→ Exercise prompt:
Look through the material below and copy exactly the lines from the line with "Type 2 Diabetes" to the line with "NUOVE LINEE GUIDA", those two lines included.

→ Given information:
■ ■ ■

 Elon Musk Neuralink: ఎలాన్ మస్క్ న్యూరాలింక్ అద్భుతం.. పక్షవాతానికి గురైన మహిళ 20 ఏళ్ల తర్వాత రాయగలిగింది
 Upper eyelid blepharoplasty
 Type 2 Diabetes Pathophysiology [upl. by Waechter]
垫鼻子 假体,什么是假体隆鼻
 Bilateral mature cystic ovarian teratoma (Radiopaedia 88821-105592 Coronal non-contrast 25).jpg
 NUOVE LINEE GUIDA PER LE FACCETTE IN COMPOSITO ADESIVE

■ ■ ■

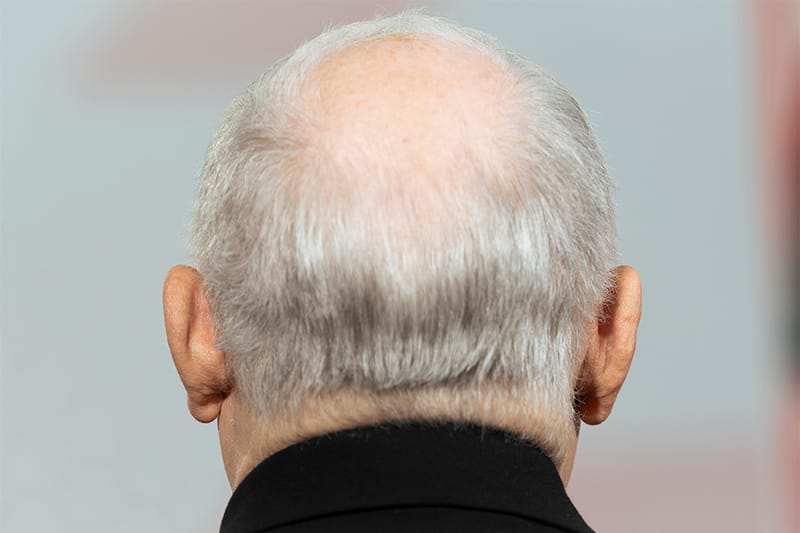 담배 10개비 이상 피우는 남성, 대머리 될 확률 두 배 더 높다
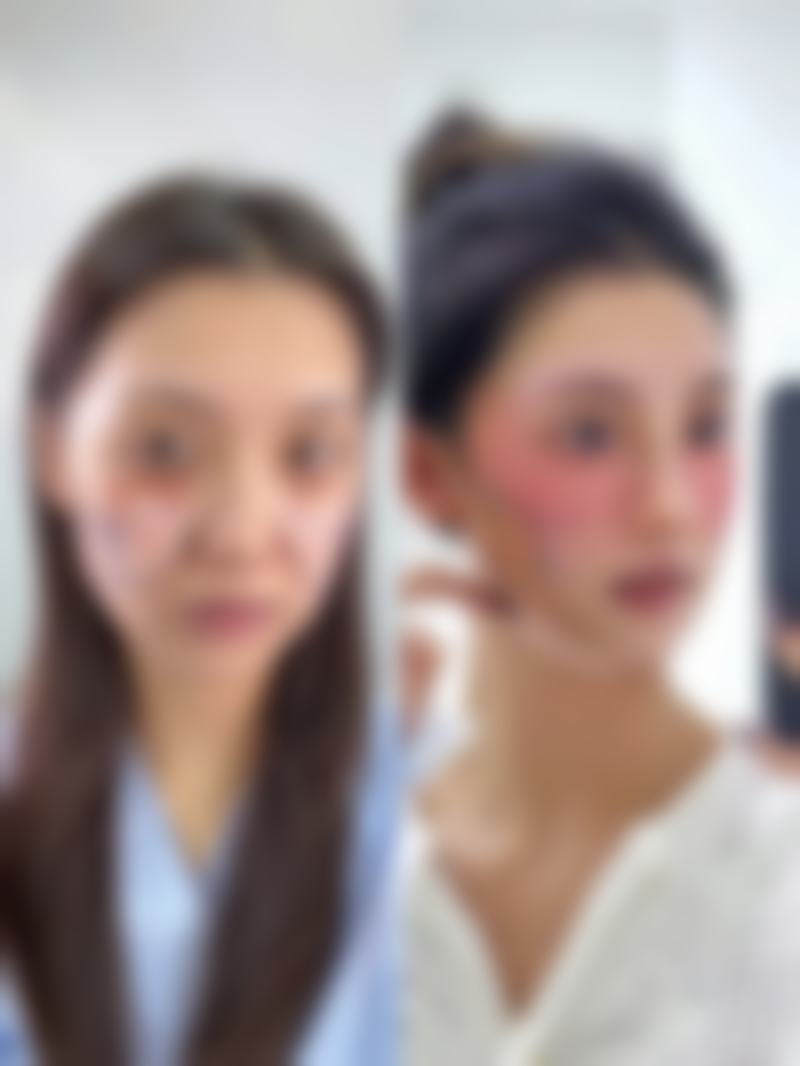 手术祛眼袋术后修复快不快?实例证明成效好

■ ■ ■

→ Task solution:
 Type 2 Diabetes Pathophysiology [upl. by Waechter]
垫鼻子 假体,什么是假体隆鼻
 Bilateral mature cystic ovarian teratoma (Radiopaedia 88821-105592 Coronal non-contrast 25).jpg
 NUOVE LINEE GUIDA PER LE FACCETTE IN COMPOSITO ADESIVE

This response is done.